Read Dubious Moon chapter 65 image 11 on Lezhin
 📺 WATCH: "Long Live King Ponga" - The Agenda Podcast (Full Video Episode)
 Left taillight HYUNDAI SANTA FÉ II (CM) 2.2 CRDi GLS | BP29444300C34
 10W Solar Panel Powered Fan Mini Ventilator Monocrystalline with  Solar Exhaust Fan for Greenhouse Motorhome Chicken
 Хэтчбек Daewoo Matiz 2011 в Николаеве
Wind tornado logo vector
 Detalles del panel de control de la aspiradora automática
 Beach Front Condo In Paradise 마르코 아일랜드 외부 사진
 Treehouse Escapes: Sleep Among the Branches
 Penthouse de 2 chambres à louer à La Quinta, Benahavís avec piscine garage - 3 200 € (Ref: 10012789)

=-=-=-=-=

Your task — What you should output is every line of the records above, from the first through the line containing "Left taillight HYUNDAI", unchanged.

Expected answer —
Read Dubious Moon chapter 65 image 11 on Lezhin
 📺 WATCH: "Long Live King Ponga" - The Agenda Podcast (Full Video Episode)
 Left taillight HYUNDAI SANTA FÉ II (CM) 2.2 CRDi GLS | BP29444300C34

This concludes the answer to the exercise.